I know it kind of goes against the very idea of regexp, but I am fairly certain there is a way to do what I want.
As a MWE, here is a snippet of the data I have (in cell format), called potentialfields:
'horaracha'
'sol'
'presmax'
'horapresmax'
'presmin'
'horapresmin'
and the regexp expression that I am currently using:
selected_fields={'sol','presmin'};
diffset=setdiff(potentialfields,selected_fields);
pattern=strjoin(diffset,'|');
idx_to_delete=~cellfun(@isempty,regexp(potentialfields,pattern));
The expected output of idx_to_delete is the following:
1 0 1 1 0 1
At the moment, the output is 1 0 1 1 1 1 because horapresmin contains presmin.

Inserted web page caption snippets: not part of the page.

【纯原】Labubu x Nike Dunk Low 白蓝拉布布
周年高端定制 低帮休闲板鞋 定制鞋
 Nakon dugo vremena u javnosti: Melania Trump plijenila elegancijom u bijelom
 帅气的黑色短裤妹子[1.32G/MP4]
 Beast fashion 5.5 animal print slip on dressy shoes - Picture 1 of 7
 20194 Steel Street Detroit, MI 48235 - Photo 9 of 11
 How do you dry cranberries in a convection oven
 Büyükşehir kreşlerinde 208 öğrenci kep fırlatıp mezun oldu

Thank you very much in advance.
CodePudding user response:
regexp is overkill here, ismember is an in-built function specifically designed for finding exact strings in a cell
idx_to_delete = ismember( potentialfields, selected_fields );
If you're really set on regexp you can use the start anchor (^) and end anchor ($) like so:
pattern = ['^(', strjoin( selected_fields, '|' ), ')$'];
idx_to_delete2 = ~cellfun( @isempty, regexp( potentialfields, pattern ) );
CodePudding user response:
You can build the word boundary based regex dynamically:
pattern = strcat('\\<(', strjoin(diffset,'|'), ')\\>')
idx_to_delete=~cellfun(@isempty,regexp(potentialfields,pattern))
With strjoin(diffset,'|'), you get the alternation pattern created, and the \<(...)\> is a grouping construct wrapped with word boundaries to only match whole words where word boundaries apply to every alternative start and end char.